Do you really have to have a theme for your book? Not necessarily in a formal sense—but think about theme as some essential takeaway thought you want to leave your reader with when they finish the book. Theme speaks to your plot, but more so to the heart of your story. One way to get to your theme is to ask yourself just why you are writing this book.

Do you have a message or something you want to say to your readers, some commentary on life, society, government, faith, or some other issue? Even if you are not trying to push a “message” per se, your book should be about something.

What Is Theme?

Theme isn’t a word, like justice. Theme is better understood as a question or a scenario. Theme is the character’s inner motivation made universal, and every story can have theme at its heart.

As you work on infusing your story with theme, consider posing your theme as a question. Instead of bluntly stating your theme at key moments in your story, allow your characters to grapple with it organically. This approach invites readers to engage with the theme on a deeper level, sparking introspection and critical thinking.

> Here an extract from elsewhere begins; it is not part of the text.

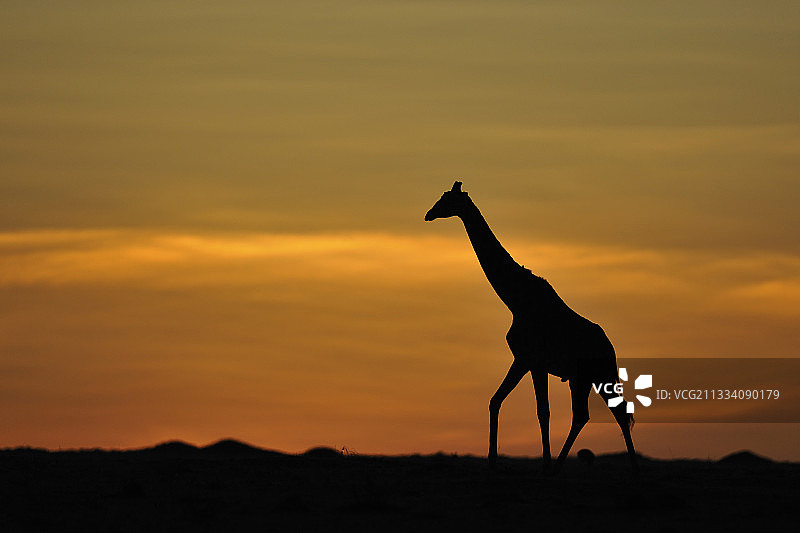肯尼亚马赛马拉的日出长颈鹿图片素材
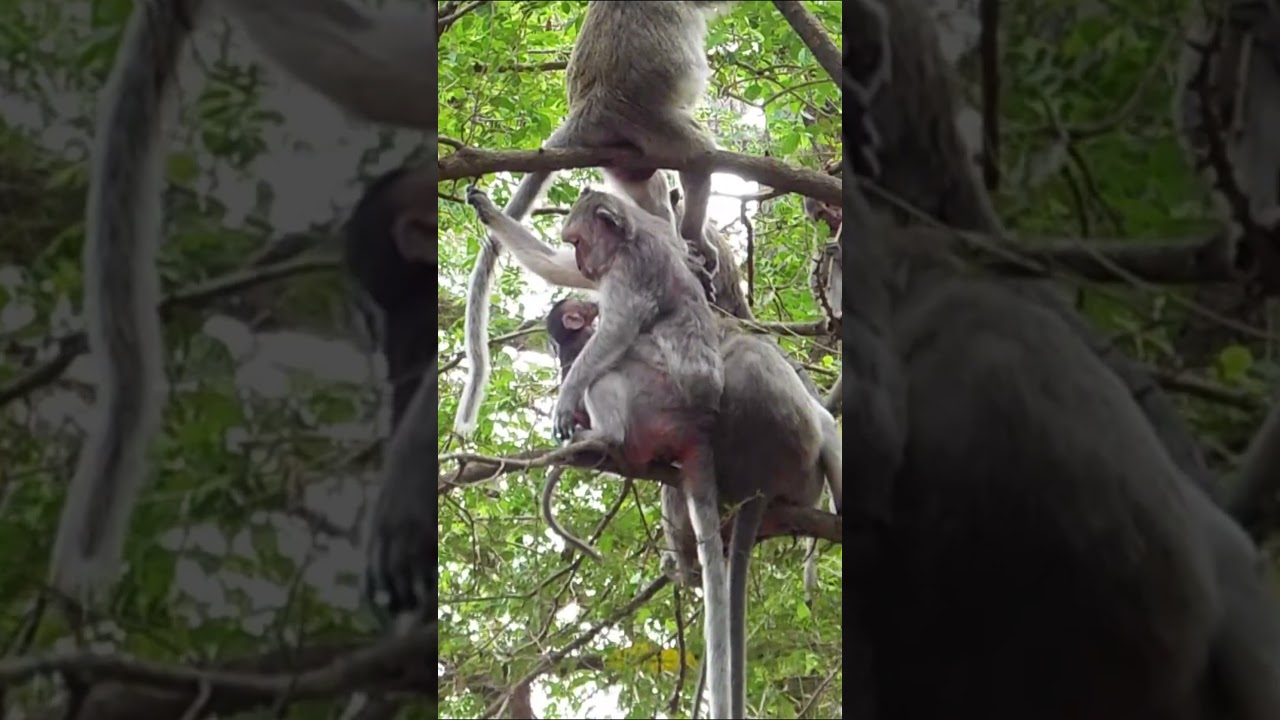 communication methods utilized by wild monkey families, including vocalizations, body language.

Take, for example, the novel The Martian by Andy Weir. While the plot primarily revolves around the survival of an astronaut stranded on Mars, it also raises profound questions about the value of human life and the lengths we would go to save a single individual.

These questions emerge naturally as the protagonist faces life-threatening challenges. By weaving these inquiries into the narrative, the author invites readers to ponder the ethical and moral dimensions of the story, making the theme of human resilience and the sanctity of life all the more poignant.

By employing this technique, you can let your characters, their actions, and their dialogues become vessels through which your theme is explored. This not only makes the theme more relatable but also ensures that it emerges naturally from the story’s progression.

Here are three ways to infuse your story with theme:

1. Explore Your Protagonist’s Motivation

One compelling way to integrate theme into your story is by delving into your protagonist’s motivation. Your character’s inner journey requires that they confront the values and morals they uphold. As they navigate challenges, make choices, and undergo transformation, the theme can subtly evolve and take shape.

Consider the classic hero’s journey, where the protagonist embarks on a quest, faces trials, and emerges transformed. This transformation is often synonymous with the revelation of the story’s theme. The protagonist’s growth and change illuminate the overarching message or lesson.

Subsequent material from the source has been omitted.